Maltepe Beledyesi taşeron işçileri, hükümetten kadronun ancak birlikte mücadele ile alınabileceğini dile getirdi.
Uğur ZENGİN
İstanbul
Maltepe Belediyesi taşeron işçileri ile 16 Nisan anayasa değişikliği referandumu öncesinde görüştüğümüzde, “Taşerona yine kadro vaatleri verilmeye başlandı siz…” sözleriyle sormaya çalışınca işçiler sözümü tamamlamama fırsat vermeden hep beraber “Olmaz, biz bunları yemiyoruz” demişti. Bir işçi ise eklemişti: “Geçen sene (2016) en büyük koz taşerona kadroydu, o sözler de yandı gitti.
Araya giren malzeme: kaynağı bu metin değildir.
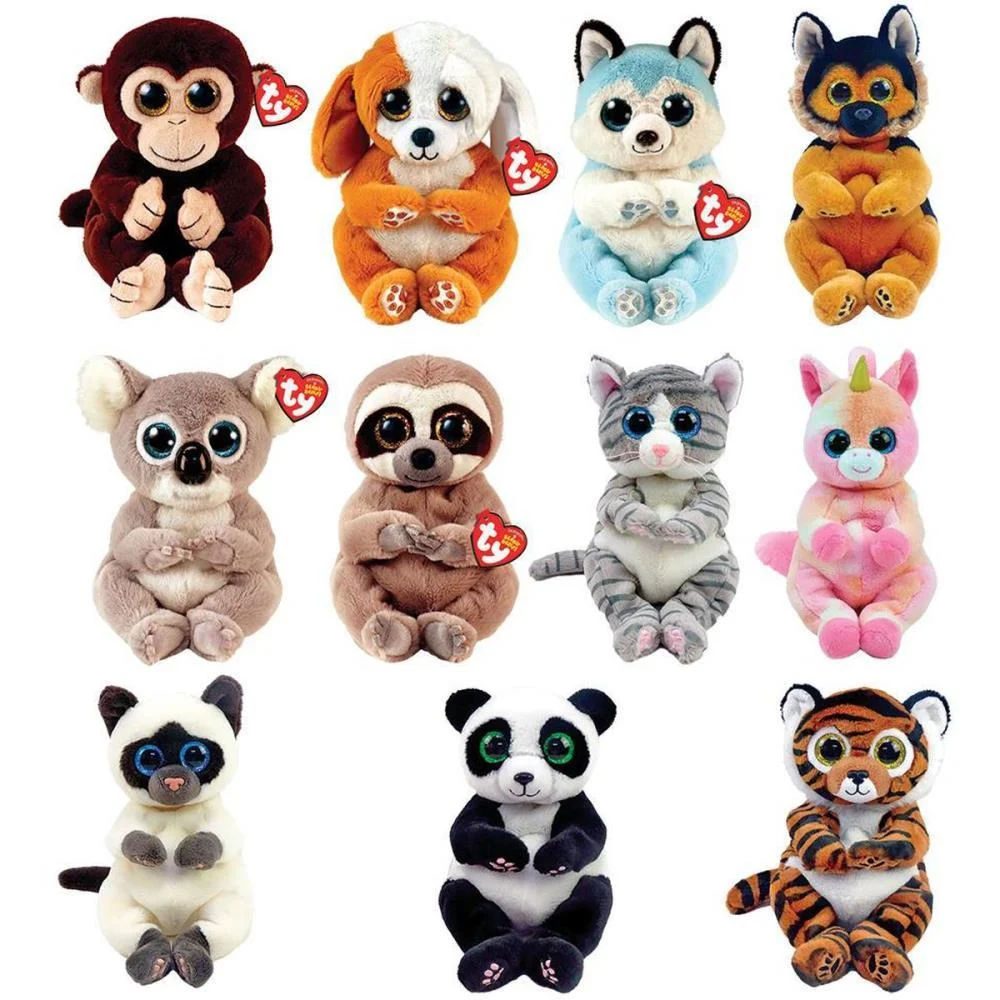 Pelucia Beanie Babies Ty Serie 2 (S) Toyng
Kandırdılar. Bu seçimde biz Cumhurbaşkanı gibi kandırılmak istemiyoruz.” Dönemin Çalışma ve Sosyal Güvenlik Bakanı Mehmet Müezzinoğlu da birkaç gün sonra “Kadro düzenlemesinin referandumdan sonraya kaldığını” açıkladı.
‘ÇOK KISA SÜRE’
Referandumun üzerinden aylar geçti. 2019 başkanlık seçimleri konuşulmaya, partiler buna göre pozisyon almaya başladı. Maliye Bakanı Naci Ağbal da geçtiğimiz günlerde taşeronla ilgili çalışmalarda geç kalmadıklarını ifade ederek, “Teknik çalışmalar bitti. Ekonomi Koordinasyon Kurulunda (EKK) görüşüp Bakanlar Kurulu ve ardından Meclise sevk edeceğiz. Çok uzun bir kanun tasarısı olmayacak. Belki 20 maddelik bir çerçeve kanun olacak. Çok kısa sürede geçeceğini düşünüyoruz” dedi.
HER SEÇİM DÖNEMİ
“15 yıllık AKP döneminde taşeron kaldırılmaktan çok, kamuda çok daha fazla istihdam edildi” diyor Maltepe Belediyesinde çalışan bir taşeron işçi, “Her seçim döneminde kanayan yara olduğu için seçim propagandası haline getiriyorlar. 15 yıldır işçilerin lehinde çıkan bir yasa olmadı. Tam tersi geriye gitti. Özel istihdam büroları, kıdem tazminatının fona devredilmeye çalışılması, işsizlik fonunun patronlara verilmesi… Bu kendi gerçeklerini gösteriyor. Nasıl bir taşeron sistemi getirecekleri de muamma.”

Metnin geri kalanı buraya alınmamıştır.